## DATA PROVIDED:
———
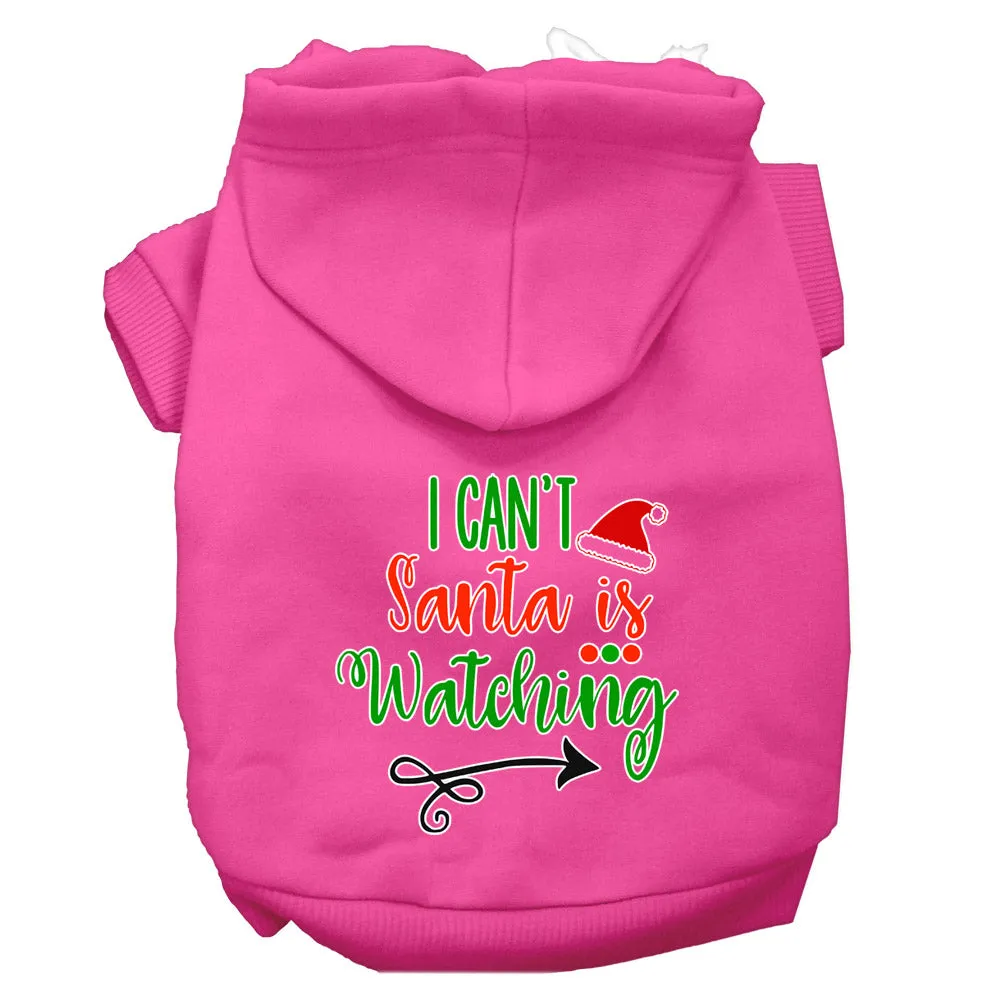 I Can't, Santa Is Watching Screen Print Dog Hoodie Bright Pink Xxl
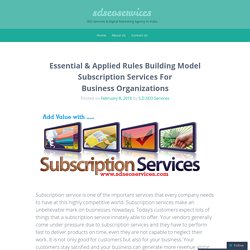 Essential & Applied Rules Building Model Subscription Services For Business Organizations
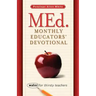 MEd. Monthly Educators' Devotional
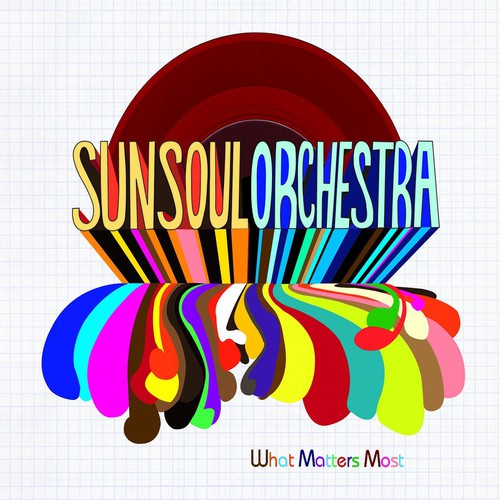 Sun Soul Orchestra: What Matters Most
———
## TASK:
Once the pictures are removed, repeat all of the data above exactly.

## ANSWER BOX:
 I Can't, Santa Is Watching Screen Print Dog Hoodie Bright Pink Xxl
 Essential & Applied Rules Building Model Subscription Services For Business Organizations
 MEd. Monthly Educators' Devotional
 Sun Soul Orchestra: What Matters Most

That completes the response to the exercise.